10/04/2025
When Behavioral Health Becomes an Agent of Violence
I want to speak directly to my colleagues in behavioral health: our work exists at the intersection of care, advocacy, and power. And with that comes responsibility - especially when the state wields lethal force.
We have seen cases like Marvin Lee Wilson - executed despite credible expert findings that his 1Q was 61 - a cognitive score that should have made him ineligible for death under prevailing Eighth Amendment jurisprudence. Yet in that moment, the state, the legal system, and bystanders wielded "expert opinion" as license to kill. Why?- because Mr. Wilson had been assessed by various behavioral health professionals, and some, neglected to actually assess 1Q (formally or otherwise), but those individuals still checked the average box on a formulaic MSE.

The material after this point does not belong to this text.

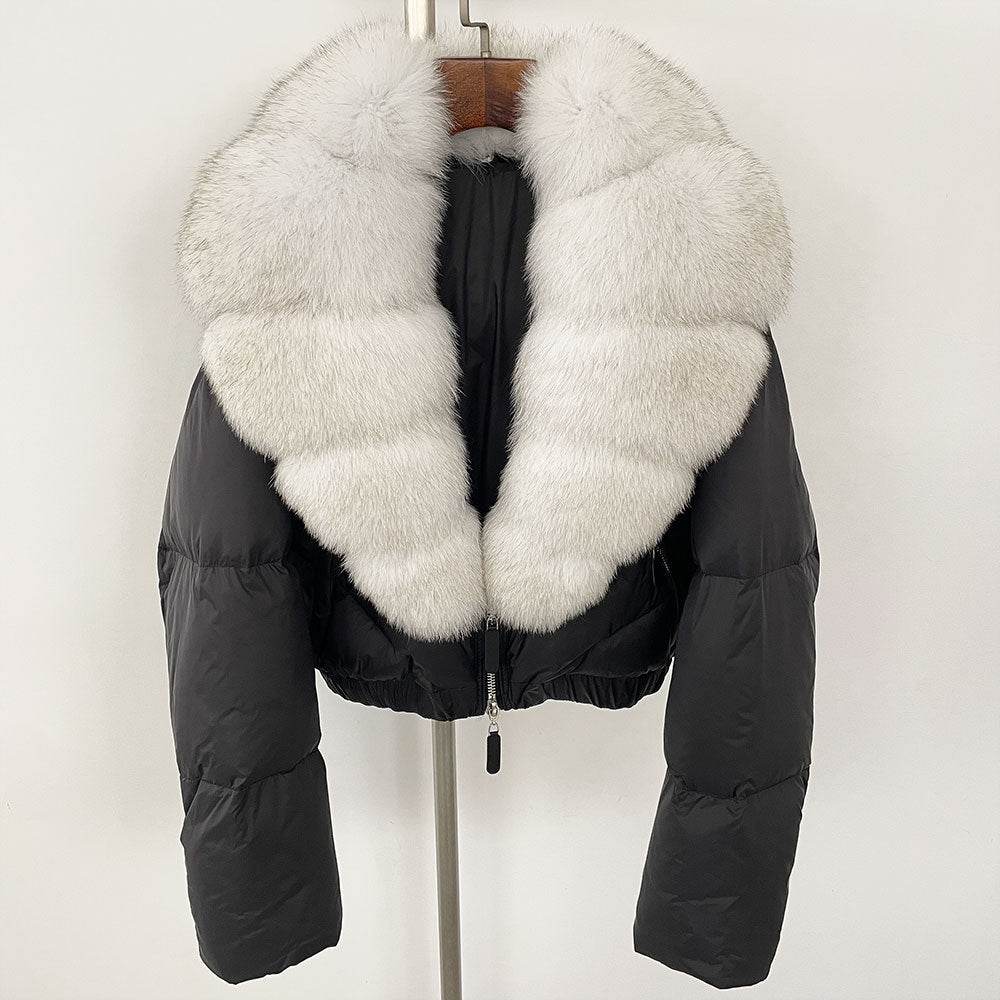 Luxurious Fox Fur Collar Down Jacket - Thick Stylish Coat for Women - Buy Center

In behavioral health, we too often cling to the colonized mindset - assuming that our role is just to diagnose, medicate, and correct. But if we do so without humility, without reflexivity, we can become complicit in the carceral machinery. When staff casually write "average 1Q," or dismiss someone's lived experience as less than, they are echoing the same logic that justifies state violence.
We must refuse that.
Reject dehumanizing labels. We must see shared human dignity, not deficits.
Advocate at the point of coercion. When someone is funnelled into "treatment" because of criminal justice contact, we must resist becoming part of the pipeline.
Partner with abolitionist and resistance movements. Behavioral health cannot be neutral in a killing state.
Center voice, not expert judgment. People should be invited into decisions about their lives - not spoken for.
Demand structural accountability. Behavior change in individuals is not enough if systems continue to sanction violence.
Marvin Wilson's case is not just a criminal justice failure. It's a failure of multiple systems - legal, psychiatric, social -to honor human life when it is most vulnerable. Let's not add to those failures by perpetrating them in hidden ways.
If we are truly healers - not functionaries - we must commit to resisting harm, especially when it is rationalized in our name.